* [DATASET EXCERPT]
*** Begin section ***

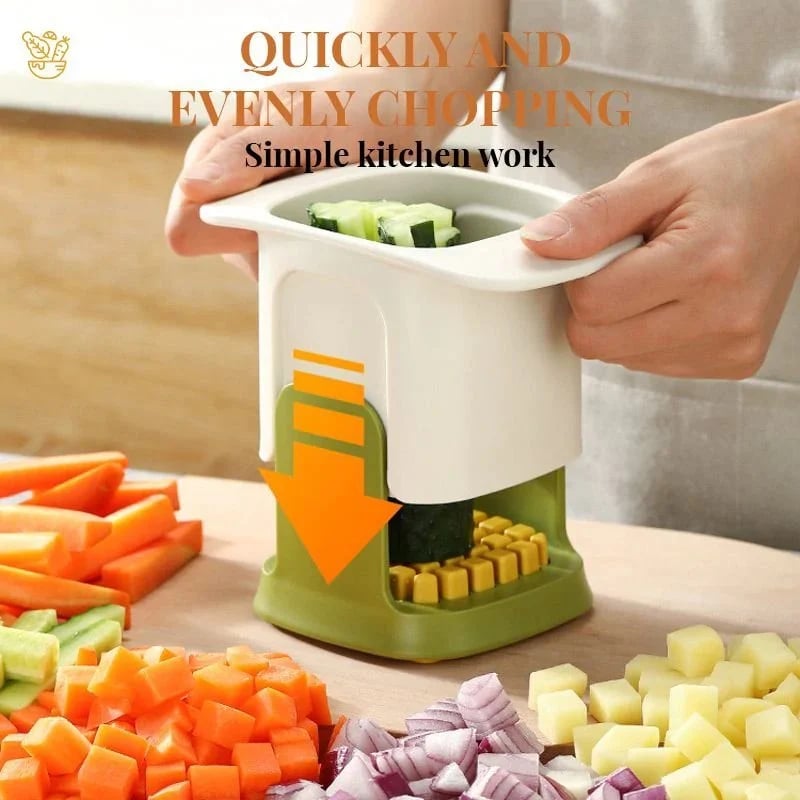 🎁2-in-1 Vegetable Chopper Dicing & Slitting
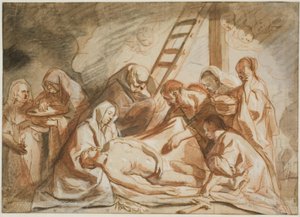 Die Waschung und Salbung des Leichnams Christi
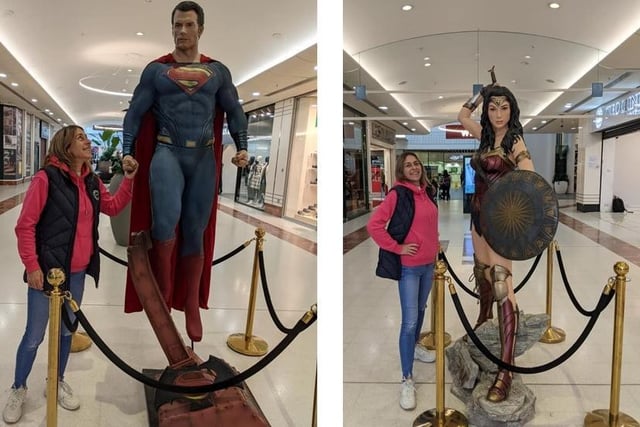 Both children and adults enjoyed following the trail, finding the most iconic life size superheroes
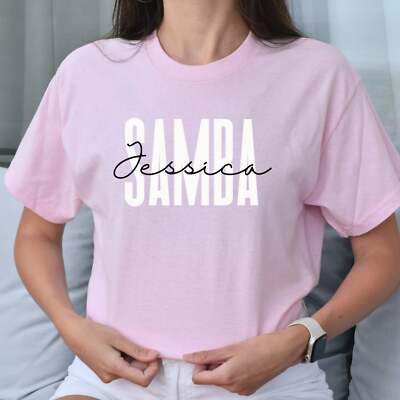 Personalized Samba T-shirt gift Custom name Samba Dance Teacher Unisex Tee Sand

*** End section ***

* [PROBLEM TO SOLVE] Give back the material word for word and drop the pictures it holds.

* [ANSWER SECTION]
 🎁2-in-1 Vegetable Chopper Dicing & Slitting
 Die Waschung und Salbung des Leichnams Christi
 Both children and adults enjoyed following the trail, finding the most iconic life size superheroes
 Personalized Samba T-shirt gift Custom name Samba Dance Teacher Unisex Tee Sand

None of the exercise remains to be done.